Sam Bush Live at Lee Street
Published 12:00 am Thursday, October 8, 2015
Grammy-winner Sam Bush at Lee St. Theatre Friday
Grammy-winning bluegrass artist Sam Bush will perform at Lee St. theatre Oct. 9, at 7:30 p.m. Tickets are $45 at the box office at 329 N. Lee St., online at www.leestreet.org/tickets or at 704-310-5507. The entire evening will be dedicated to Bush and his band with no opening act.
Bush is a virtuoso mandolin player who is credited with inventing the Newgrass movement within bluegrass that puts a more modern spin on this traditional, southern genre of music. In the past 30 years, Bush has played and recorded with legends such as Bill Monroe, Doc Watson and Earl Scruggs, as well as Emmylou Harris, Guy Clark and Lyle Lovett, to name a few. But Bush is also an award-winning fiddle player. If it has strings he can play it.
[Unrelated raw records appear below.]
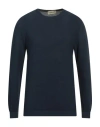 Irish Crone Man Sweater Midnight Blue Size S Cotton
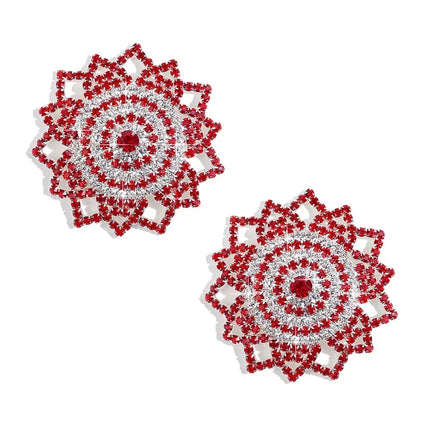 Sparkling Rhinestone Reusable Nipple Pasties Set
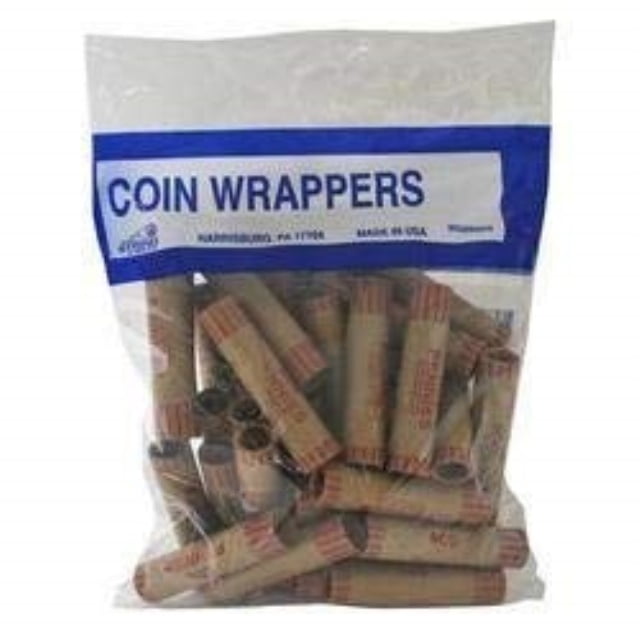 crimped penny coin wrappers 36 count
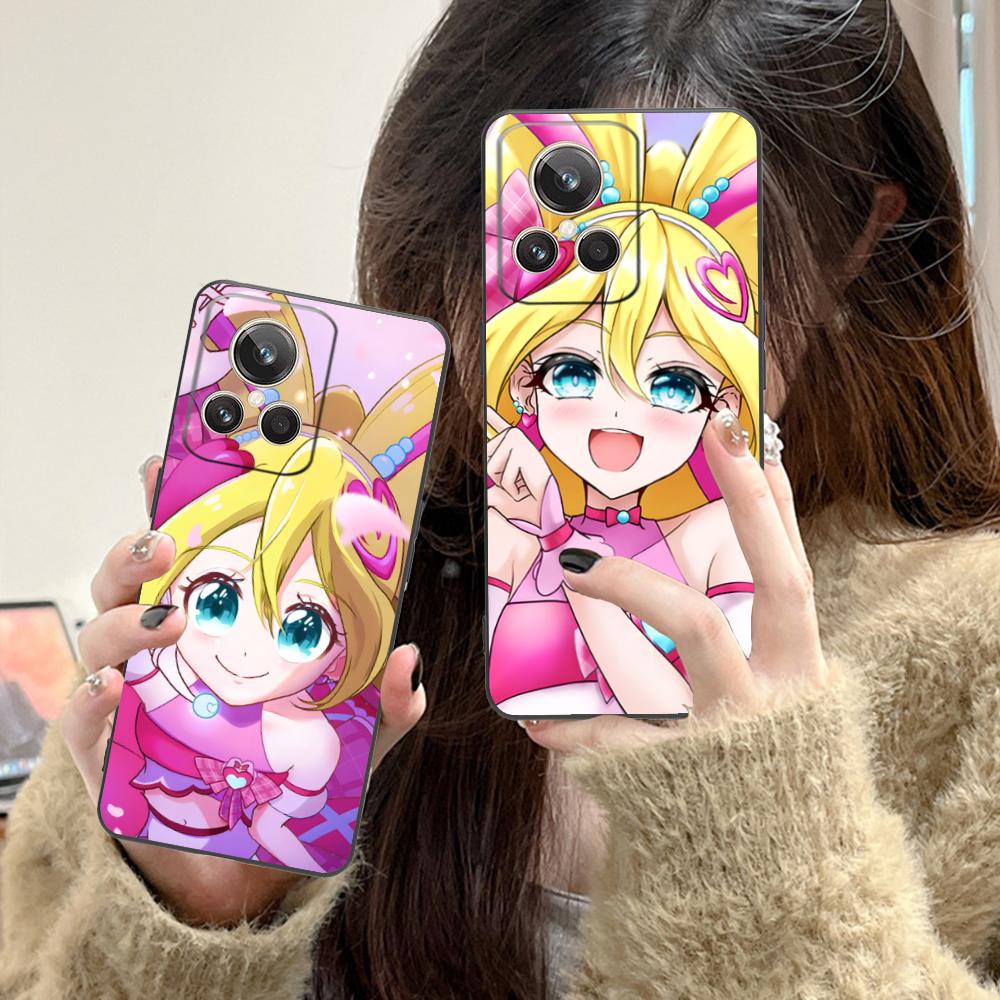 Sakura Uta Cure Idol Matte TPU Mobile Phone Case for Realme 15 14 13 12 11 10 9 Pro Plus T i Lite 5G Colorful Printing Cover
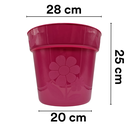 Maceta De Plástico No. 8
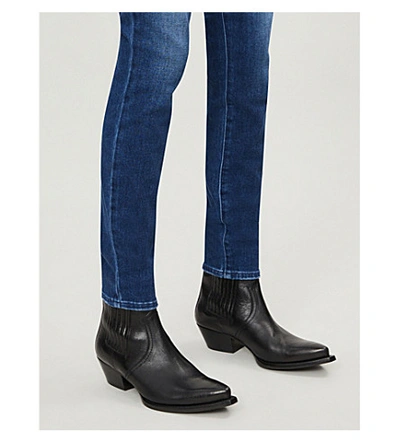 Shop Paige Verdugo Ultra Skinny Mid-rise Jeans In Lookout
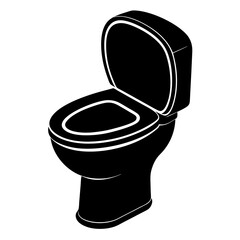 Toilet bowl isolated on white, Toilet bowl vector art, Toilet bowl silhouette, Toilet bowl icon, Toilet bowl line art,eps, black and white Toilet bowl
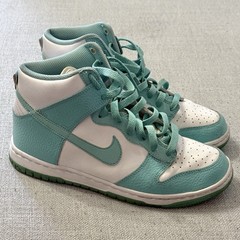 Nike Dunk High Island Mint Green 921797-300 Royal Sea Foam Teal GS Size 7Y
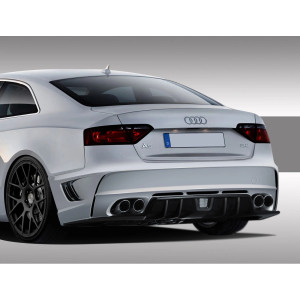 2008-2016 Audi A5 S5 B8 Eros Version 1 Rear Bumper - 1 Piece - image 1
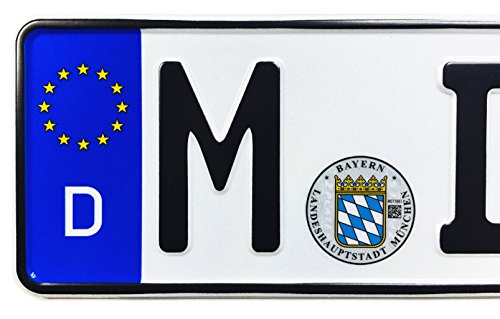 Z Plates Compatible With Bmw Munich Front German License Plate (Plate And Frame) #TOP5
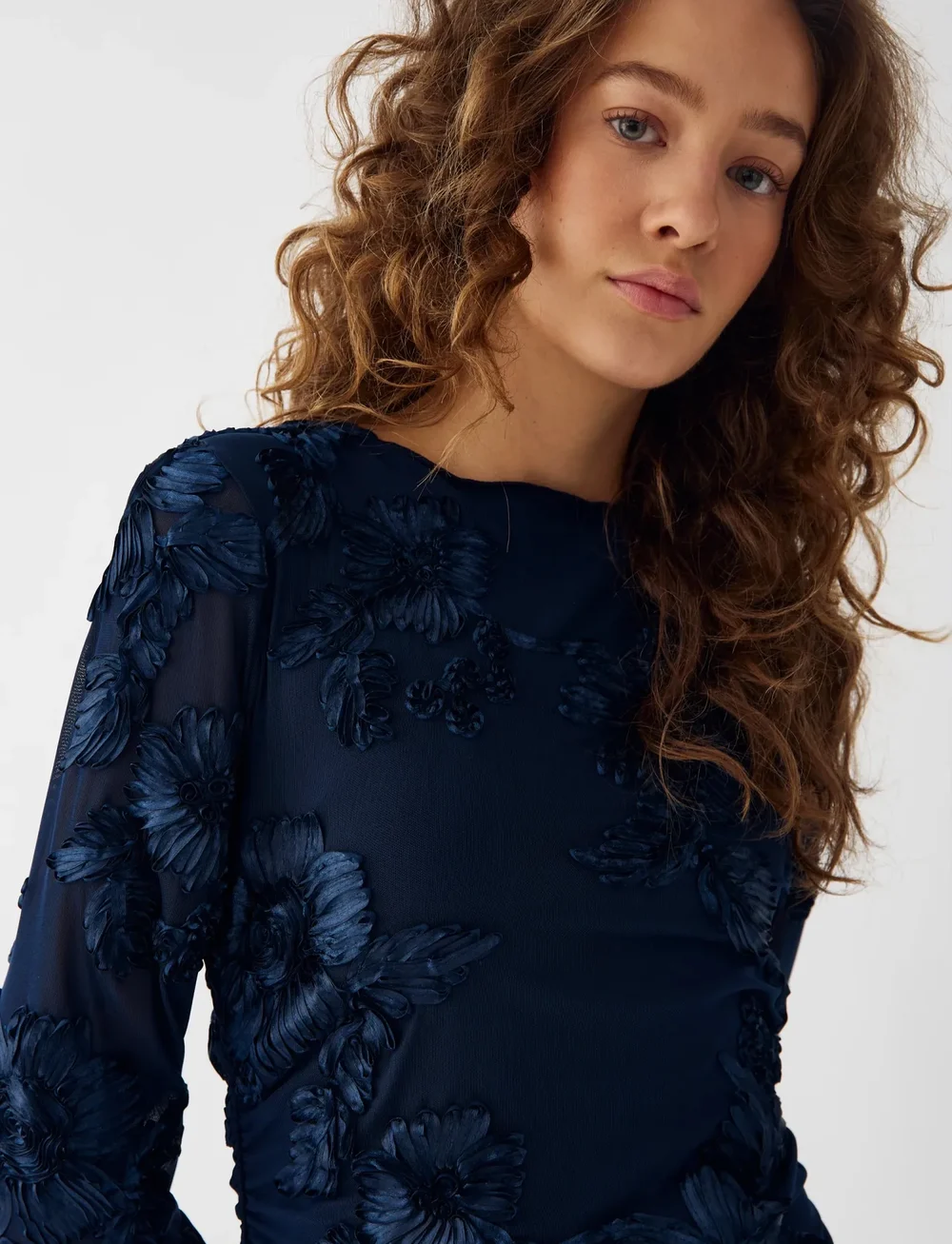 Noella - Lavinia L/S Dress - stramme kjoler - navy - 0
And the result is complete joy for the listener.
“I’ve been fortunate that no matter what happens to me on a given day, I have this music that is a joyful experience for me,” said Bush, 63, who grew up on a cattle and tobacco farm in Bowling Green, Ky. “I love seeing smiling faces and people enjoying themselves. The music is a joyful experience and the older I get the more I appreciate getting to do this.”
One of the most entertaining aspects of Bush’s repertoire is the many different genres that he and his band explore during a performance. Bluegrass, newgrass, rock, blues, country and even reggae are all fair game when this band starts ripping through a set. Bush’s five-piece band includes Chris Brown on drums, Scott Vestal on banjo and banjo synthesizer, Stephen Mougin on guitar and backing vocals, and Todd Parks plays electric upright bass.
“When we are not playing bluegrass style, Stephen straps on a Fender Stratocaster and I play electric mandolin and electric slide guitar as well,” said Bush. “Plus Todd Parks is a ‘four music degrees,’ kind of guy. He also plays bass fiddle. He’s so versatile. And Scott Vestal came from an education and jazz background.
“I’m really proud of this ensemble,” Bush said. “When we step up there everyone gives their best. And, really, within a few songs we are feeling pretty good and it is a positive experience for sure.
“Every age group can enjoy our stuff,” said Bush, who likes to recall the great B.B. King when discussing how music can make you feel. “The blues can be happy or sad. And a rich man can get the blues just like a poor man. A great song can make people feel different ways. You are allowed to feel many different emotions, some happy, some not.”